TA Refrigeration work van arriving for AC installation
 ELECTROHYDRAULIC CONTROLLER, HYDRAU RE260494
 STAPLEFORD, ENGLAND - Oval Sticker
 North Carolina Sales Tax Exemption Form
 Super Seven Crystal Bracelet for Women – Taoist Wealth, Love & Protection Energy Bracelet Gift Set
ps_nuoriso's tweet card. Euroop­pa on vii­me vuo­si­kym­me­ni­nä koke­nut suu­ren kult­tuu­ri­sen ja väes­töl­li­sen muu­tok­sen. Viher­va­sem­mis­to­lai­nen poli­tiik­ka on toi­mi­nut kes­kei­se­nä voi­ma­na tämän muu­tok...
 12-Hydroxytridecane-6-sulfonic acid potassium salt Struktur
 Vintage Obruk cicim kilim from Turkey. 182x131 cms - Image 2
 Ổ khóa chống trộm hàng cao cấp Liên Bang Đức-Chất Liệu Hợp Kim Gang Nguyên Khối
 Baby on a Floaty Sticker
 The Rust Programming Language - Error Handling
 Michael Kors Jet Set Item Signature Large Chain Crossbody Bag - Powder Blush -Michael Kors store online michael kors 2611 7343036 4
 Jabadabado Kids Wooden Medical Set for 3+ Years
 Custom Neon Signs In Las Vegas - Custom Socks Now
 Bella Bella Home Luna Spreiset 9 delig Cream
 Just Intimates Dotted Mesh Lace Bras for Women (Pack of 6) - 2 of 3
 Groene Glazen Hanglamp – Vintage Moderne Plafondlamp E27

+-------+

Which lines in the material contain the word "Sticker"? Pull each of them out.

### Finished exercise
 STAPLEFORD, ENGLAND - Oval Sticker
 Baby on a Floaty Sticker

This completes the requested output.